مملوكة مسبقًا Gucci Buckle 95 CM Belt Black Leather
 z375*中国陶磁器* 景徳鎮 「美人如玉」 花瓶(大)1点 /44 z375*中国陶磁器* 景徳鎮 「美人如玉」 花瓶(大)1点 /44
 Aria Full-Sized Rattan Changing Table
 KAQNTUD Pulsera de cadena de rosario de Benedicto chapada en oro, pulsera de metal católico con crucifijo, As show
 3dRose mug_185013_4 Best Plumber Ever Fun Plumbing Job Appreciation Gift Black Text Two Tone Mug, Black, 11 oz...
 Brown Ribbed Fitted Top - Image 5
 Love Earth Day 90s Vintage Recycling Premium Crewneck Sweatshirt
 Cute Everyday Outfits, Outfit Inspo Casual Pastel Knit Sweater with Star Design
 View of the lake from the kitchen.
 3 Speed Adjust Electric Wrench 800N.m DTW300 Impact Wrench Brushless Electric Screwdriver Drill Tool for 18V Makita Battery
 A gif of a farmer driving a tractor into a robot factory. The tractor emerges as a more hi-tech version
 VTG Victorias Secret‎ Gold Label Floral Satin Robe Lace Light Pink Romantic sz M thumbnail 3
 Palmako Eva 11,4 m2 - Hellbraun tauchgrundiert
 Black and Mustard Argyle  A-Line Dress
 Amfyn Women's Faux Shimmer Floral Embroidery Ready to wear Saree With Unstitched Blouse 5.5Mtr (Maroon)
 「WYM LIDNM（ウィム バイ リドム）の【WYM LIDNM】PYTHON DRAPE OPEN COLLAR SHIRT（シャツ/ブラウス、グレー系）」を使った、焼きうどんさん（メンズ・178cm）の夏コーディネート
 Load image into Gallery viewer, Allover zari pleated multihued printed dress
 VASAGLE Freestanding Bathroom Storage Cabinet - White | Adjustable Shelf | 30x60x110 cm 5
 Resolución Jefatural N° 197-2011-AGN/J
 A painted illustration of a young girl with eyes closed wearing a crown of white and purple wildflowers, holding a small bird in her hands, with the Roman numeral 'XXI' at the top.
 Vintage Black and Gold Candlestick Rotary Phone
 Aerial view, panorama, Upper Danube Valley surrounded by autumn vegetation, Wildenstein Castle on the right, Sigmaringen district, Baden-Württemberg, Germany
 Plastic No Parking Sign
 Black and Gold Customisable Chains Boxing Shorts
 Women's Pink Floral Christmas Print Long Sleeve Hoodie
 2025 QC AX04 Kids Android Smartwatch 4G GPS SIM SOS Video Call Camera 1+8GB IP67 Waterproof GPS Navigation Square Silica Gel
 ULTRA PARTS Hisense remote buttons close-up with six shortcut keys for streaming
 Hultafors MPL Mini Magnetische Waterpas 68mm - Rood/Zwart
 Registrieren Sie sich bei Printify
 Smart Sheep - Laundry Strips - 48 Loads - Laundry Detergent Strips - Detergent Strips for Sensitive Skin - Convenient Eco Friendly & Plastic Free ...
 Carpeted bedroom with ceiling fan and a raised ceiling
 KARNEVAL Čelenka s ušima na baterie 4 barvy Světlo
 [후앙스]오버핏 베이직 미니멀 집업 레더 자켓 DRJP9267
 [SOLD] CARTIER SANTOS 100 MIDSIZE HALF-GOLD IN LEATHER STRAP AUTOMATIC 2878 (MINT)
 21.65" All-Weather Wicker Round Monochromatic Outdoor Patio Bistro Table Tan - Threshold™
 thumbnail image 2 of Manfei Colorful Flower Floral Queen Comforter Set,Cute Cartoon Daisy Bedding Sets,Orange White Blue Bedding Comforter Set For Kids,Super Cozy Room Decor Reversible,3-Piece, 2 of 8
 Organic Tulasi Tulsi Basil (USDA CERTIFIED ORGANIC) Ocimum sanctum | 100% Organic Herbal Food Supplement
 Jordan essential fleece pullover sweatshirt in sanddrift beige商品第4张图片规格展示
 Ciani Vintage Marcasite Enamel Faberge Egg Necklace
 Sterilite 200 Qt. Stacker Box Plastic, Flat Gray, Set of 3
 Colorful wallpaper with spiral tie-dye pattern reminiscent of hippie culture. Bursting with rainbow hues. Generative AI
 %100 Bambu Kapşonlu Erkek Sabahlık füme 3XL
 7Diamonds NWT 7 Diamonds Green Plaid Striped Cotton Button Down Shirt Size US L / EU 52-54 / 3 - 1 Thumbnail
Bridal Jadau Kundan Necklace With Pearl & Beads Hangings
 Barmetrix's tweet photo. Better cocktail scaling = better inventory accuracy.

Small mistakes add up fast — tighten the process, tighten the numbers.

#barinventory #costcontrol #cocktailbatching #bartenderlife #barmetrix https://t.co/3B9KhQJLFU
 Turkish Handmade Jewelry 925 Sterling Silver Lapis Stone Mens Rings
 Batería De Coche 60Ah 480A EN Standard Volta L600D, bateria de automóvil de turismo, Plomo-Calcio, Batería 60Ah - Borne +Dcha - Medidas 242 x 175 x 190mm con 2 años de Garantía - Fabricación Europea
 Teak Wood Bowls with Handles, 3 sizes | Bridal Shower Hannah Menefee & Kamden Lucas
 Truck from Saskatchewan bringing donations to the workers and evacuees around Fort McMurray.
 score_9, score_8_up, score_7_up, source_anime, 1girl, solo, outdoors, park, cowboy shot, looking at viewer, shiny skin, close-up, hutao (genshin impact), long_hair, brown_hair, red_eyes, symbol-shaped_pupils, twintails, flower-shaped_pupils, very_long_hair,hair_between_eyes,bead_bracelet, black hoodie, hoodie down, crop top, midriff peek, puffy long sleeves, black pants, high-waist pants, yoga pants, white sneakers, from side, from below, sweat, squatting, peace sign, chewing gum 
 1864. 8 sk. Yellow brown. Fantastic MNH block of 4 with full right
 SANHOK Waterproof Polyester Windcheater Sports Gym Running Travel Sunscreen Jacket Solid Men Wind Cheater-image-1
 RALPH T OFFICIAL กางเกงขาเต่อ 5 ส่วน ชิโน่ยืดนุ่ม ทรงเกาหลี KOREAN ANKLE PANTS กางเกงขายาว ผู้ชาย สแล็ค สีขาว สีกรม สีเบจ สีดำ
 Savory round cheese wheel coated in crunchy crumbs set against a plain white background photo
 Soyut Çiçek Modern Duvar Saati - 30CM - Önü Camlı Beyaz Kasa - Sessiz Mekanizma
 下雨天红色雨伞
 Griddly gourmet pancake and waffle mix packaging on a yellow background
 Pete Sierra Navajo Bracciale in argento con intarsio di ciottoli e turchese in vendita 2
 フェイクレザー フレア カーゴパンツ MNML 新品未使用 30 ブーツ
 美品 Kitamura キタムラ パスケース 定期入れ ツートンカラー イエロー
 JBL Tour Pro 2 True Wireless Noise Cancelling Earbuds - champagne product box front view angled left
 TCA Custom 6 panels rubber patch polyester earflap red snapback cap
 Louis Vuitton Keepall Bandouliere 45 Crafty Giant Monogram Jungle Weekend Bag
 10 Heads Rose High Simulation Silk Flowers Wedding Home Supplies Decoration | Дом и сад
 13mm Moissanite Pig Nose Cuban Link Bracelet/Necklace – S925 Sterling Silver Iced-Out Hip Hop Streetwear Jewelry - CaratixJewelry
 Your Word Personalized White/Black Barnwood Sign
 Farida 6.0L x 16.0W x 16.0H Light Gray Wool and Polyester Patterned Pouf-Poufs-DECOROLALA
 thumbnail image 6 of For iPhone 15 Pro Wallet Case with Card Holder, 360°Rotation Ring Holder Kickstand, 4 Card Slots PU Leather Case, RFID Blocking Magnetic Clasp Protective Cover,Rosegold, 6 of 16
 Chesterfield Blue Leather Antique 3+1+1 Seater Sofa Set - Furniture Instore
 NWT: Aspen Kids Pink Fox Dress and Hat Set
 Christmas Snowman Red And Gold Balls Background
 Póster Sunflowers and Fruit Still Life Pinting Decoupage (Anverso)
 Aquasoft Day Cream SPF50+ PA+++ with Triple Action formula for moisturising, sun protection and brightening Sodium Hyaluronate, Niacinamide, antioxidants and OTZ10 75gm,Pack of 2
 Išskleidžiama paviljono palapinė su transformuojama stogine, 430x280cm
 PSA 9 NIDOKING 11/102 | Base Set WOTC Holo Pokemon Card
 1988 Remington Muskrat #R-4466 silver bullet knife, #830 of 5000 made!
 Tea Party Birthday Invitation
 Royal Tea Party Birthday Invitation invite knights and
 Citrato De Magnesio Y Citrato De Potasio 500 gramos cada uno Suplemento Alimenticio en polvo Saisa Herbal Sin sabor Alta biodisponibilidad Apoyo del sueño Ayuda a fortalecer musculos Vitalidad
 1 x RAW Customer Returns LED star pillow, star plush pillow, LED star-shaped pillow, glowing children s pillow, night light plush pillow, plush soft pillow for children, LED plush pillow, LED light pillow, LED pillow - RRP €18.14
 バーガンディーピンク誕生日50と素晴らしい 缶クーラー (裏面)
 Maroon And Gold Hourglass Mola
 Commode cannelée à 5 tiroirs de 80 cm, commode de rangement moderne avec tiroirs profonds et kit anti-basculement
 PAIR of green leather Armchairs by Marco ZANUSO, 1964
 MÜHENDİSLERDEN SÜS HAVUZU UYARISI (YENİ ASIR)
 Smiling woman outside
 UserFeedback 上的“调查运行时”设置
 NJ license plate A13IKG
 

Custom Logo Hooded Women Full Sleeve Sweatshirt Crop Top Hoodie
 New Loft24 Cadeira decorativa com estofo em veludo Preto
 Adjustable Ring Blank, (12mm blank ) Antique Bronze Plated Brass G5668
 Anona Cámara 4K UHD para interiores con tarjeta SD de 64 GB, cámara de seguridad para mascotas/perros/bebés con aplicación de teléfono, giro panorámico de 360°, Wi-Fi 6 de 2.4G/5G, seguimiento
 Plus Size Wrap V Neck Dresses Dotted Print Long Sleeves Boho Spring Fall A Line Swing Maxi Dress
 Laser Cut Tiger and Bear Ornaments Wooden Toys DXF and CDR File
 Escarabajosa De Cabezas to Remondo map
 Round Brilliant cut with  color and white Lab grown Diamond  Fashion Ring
——
» REQUIRED ACTION
Above are the entries; repeat their lines exactly, from the first through the one that contains "View of the lake from the kitchen.".

» ANSWER TO THIS EXERCISE
مملوكة مسبقًا Gucci Buckle 95 CM Belt Black Leather
 z375*中国陶磁器* 景徳鎮 「美人如玉」 花瓶(大)1点 /44 z375*中国陶磁器* 景徳鎮 「美人如玉」 花瓶(大)1点 /44
 Aria Full-Sized Rattan Changing Table
 KAQNTUD Pulsera de cadena de rosario de Benedicto chapada en oro, pulsera de metal católico con crucifijo, As show
 3dRose mug_185013_4 Best Plumber Ever Fun Plumbing Job Appreciation Gift Black Text Two Tone Mug, Black, 11 oz...
 Brown Ribbed Fitted Top - Image 5
 Love Earth Day 90s Vintage Recycling Premium Crewneck Sweatshirt
 Cute Everyday Outfits, Outfit Inspo Casual Pastel Knit Sweater with Star Design
 View of the lake from the kitchen.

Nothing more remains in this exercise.